A whopping 83 percent of people in the U.S. are now using the internet to search for local businesses, according to The Kelsey Group. That’s an amazing statistic, and one that every business – big or small, web-based or brick and mortar – needs to take note of.

In today’s world, lots of people won’t even try businesses unless they have websites or positive feedback on review sites. People want to see that you’re legit, and the internet has become the new way to get personal recommendations from your friends. With social media sites encouraging people to like businesses, sometimes this “recommendation from a friend” is even literal.

But why when you search for record stores in Bend, Oregon, does Johnny’s Records show up while Vinnie’s Vinyl doesn’t? Because of local internet marketing.

Local internet marketing includes aspects of broader forms of internet marketing like SEO, but makes it specific to your area so that it’s easier for you to attract customers in your neighborhood. Generally speaking, there are four practices that you want to engage in to make your local business stronger:

  1. Analyze your competition
  2. Utilize online directory service
  3. Engage in targeted email campaigns
  4. Incorporate location-based keywords

Analyze your competition.

Why is this so important? Because you want to steal customers from your local competitors. It might sound dirty when you put it that way, but the ebb and flow of customers from business to business is the heart and soul of the free market.

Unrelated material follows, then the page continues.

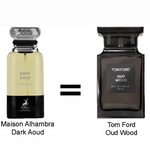 Dark Aoud by Maison Alhambra for Unisex - Eau de Parfum - 80ml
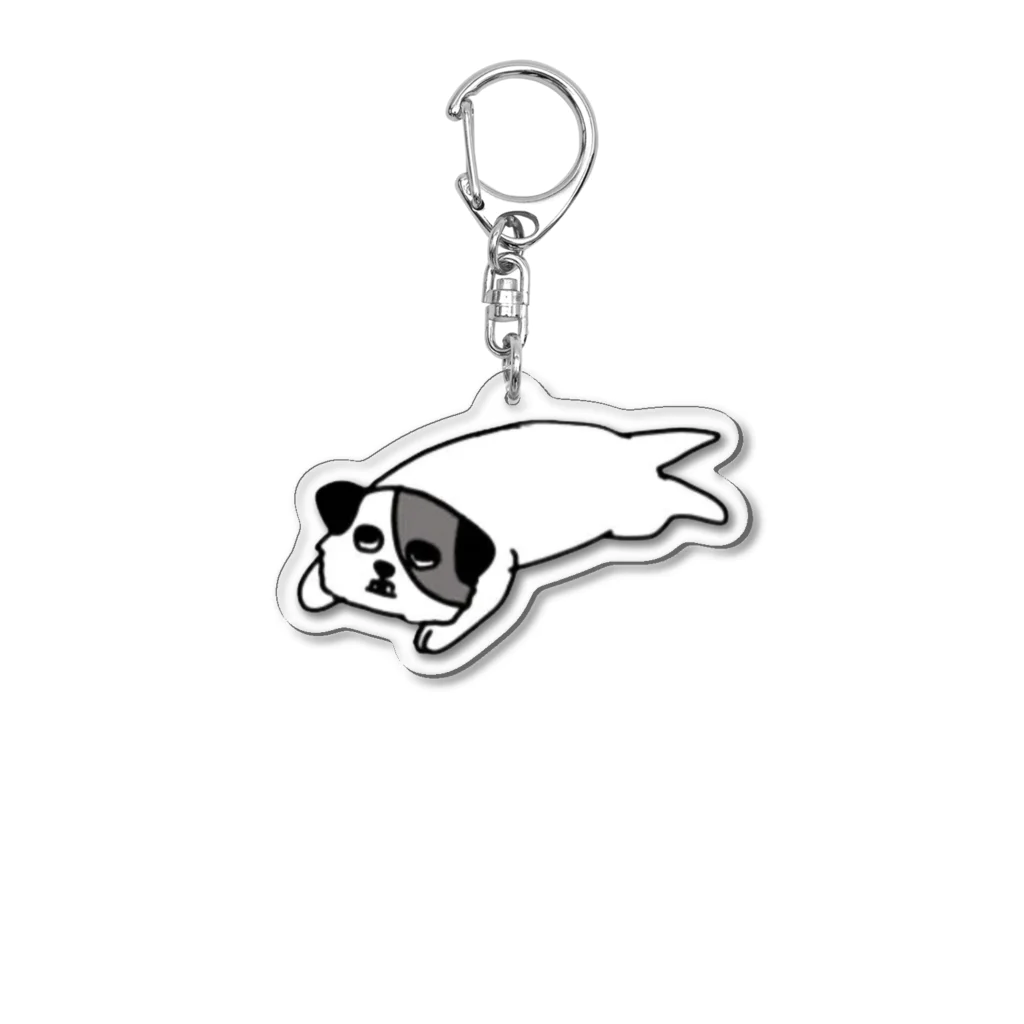 CafePocoのしゃくれ犬ポコ Acrylic Key Chain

Sure, you want to create new customers where you can, but it is also vital that you siphon people from people competing with you if you want to grow and prosper. In order to do this using local internet marketing, you need to embark on a competitive analysis by researching who is offering similar products or services in your area and what methods they’re using to market themselves.

This is an especially valuable exercise to engage in before you start a business or when you’re ready to update your site. While looking around, you can get ideas about which methods you feel would be a good fit for your business and which wouldn’t, and learn from their mistakes so that you can be sure to improve upon everything that they’re doing.

What should you look at? Here’s a list to get you started.

  • Website architecture
  • Tags
  • Written content
  • Visual design and images
  • SEO usage
  • Social media incorporation
  • Link building
  • Email list

Utilize online directory services.

This one is fairly straightforward and shouldn’t require much maintenance on your part. You want to make sure that your business is listed in all of the major directory services such as Yelp, Citysearch, and Google Places. Depending on your business, you may even find that there’s a good industry-specific directory such as UrbanSpoon for restaurants.

Fill out the form correctly and thoroughly, and if something ever changes (like your address or phone number), make sure to update it immediately. Also, it’s valuable for you to pay attention to any customer complaints on these sites. Some offer ways for you to respond.

Engage in targeted email campaigns.

If you don’t have an email list for your customers, you need to get one, because local email campaigns can work wonders. Just include a link on your website where people can sign up to receive special offers. Be sure to ask where they’re located as part of the process.

Studies have shown that simply mentioning a particular neighborhood or city increases the likelihood that recipients will open the email because it will feel more personalized. Plus, you’ll raise your search engine profile if you incorporate location-based keywords, which means that more people will see your site. What are location-based keywords? Glad you asked.

Incorporate location-based keywords.

Describing location-based keywords is pretty easy actually. All that it means is adding a location to your keyword phrase based on research using the Google AdWord Tool. For example, your Cincinnati-based shoe shine business might be using the keyword “shoe shine” for general SEO purposes, but researching the location tells you that you can help yourself by using “Cincinnati shoe shine” or “shoe shine in Cincinnati.”

Be careful to look at what your competition is doing and how entrenched they are with particular keywords. If they seem to have a pretty strong hold on a certain phrase, often it’s best to move on to one that you can control, even if it’s a lesser-used search term. These location-based keywords should be as thoroughly integrated into your site marketing as possible:

  • Page titles
  • Static and fluid content
  • Blogs and white papers
  • Video content
  • Email marketing
  • Blurbs that you post on directory sites

Tackle Local Internet Marketing from All Directions

The goal should include not only doing things better than your competitor, but becoming as multi-pronged as possible by having your website, social media pages, directory pages, and even emails working together to strengthen each other, allowing everything to build and get more eyeballs (and revenue) to your business.